I suddenly feel like I'm making my very first post on my very first tank setup. 

Thank you all for all the help!

_Edit_
Just thought of this. Wouldn't different plants require different levels of hardness (the word I'm looking for isn't coming to mind)?


----------



## rhinoman (Oct 11, 2006)

You just need to raise your KH a little so that you have buffer to prevent a PH crash. To be honest some people say you can run a tank with a KH of zero but just about eveyone "in the know" say you need a KH of at least 3-4.


----------



## rohape (Feb 7, 2005)

Got it! Now I can be "in the know"! Sweet! Thanks rhinoman!


----------



## DataGuru (Mar 11, 2005)

In a normal tank, acids are produced and KH gets used up over time by the biofilter as it converts ammonia to nitrAte. As this happens pH will also get more acidic over time. In my regular goldie tanks, since they are big messy fish and like pH in the high 7s, I like KH to be at least 8dh. I have plants potted in topsoil in their tanks, no CO2 and around 2wpg and all my plants do great. Gh is around 120ppm.

This acidification process doesn't happen as much in a NPT because mainly the plants are converting ammonia to plant mass.

the pH in my NPTs is also up in the high 7s/8 and plant growth is amazing. So I'd look at what fish you have and whether they like more alkaline water or not and raise KH to at least 4dh. The higher your KH, the higher your pH will be up to about pH of 8.3.

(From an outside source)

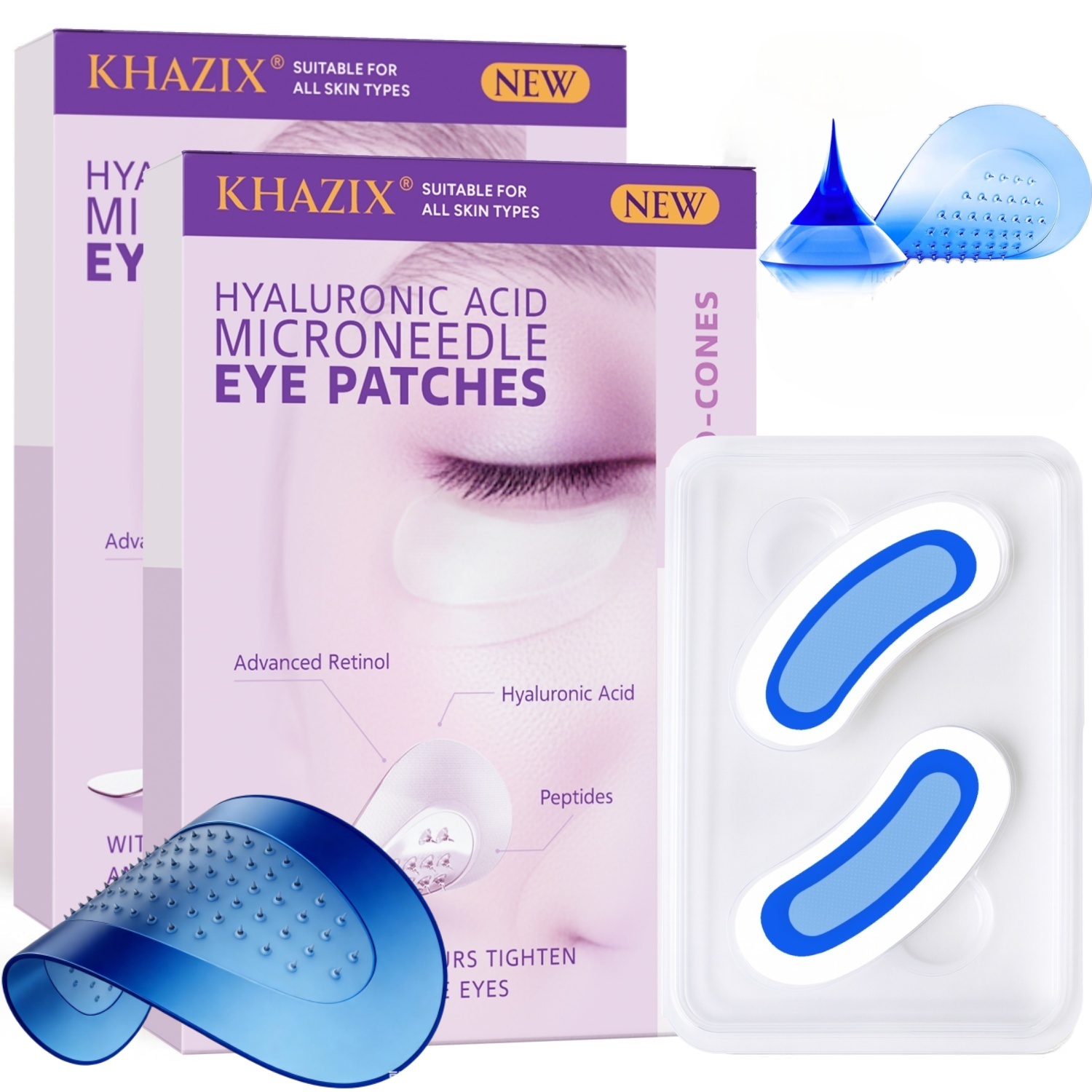 Plastry pod oczy z retinolem,  – Microneedle Patch Eye recenzja i cena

Here's a calculator you can use to figure out how much baking soda to use and estimate how much that will raise pH.
Buffering capacity and pH

With fish in the tank, you want to raise pH slowly.


----------



## rohape (Feb 7, 2005)

:closed_2: :closed_2: :closed_2:

I have started a new more relative thread about the KH/GH issue. 
Thank you DataGuru for actually reading through all this and still giving a great reply, and for redoing the reply in the more relative thread. The stick issue for me is resolved on this thread, unless anyone has more questions etc.

If anyone is still interested in the KH/GH topic here is the link.
http://www.aquaticplantcentral.com/forumapc/el-natural/36784-gh-kh-low-tech-long-term.html

Thank you all for all the help!!


----------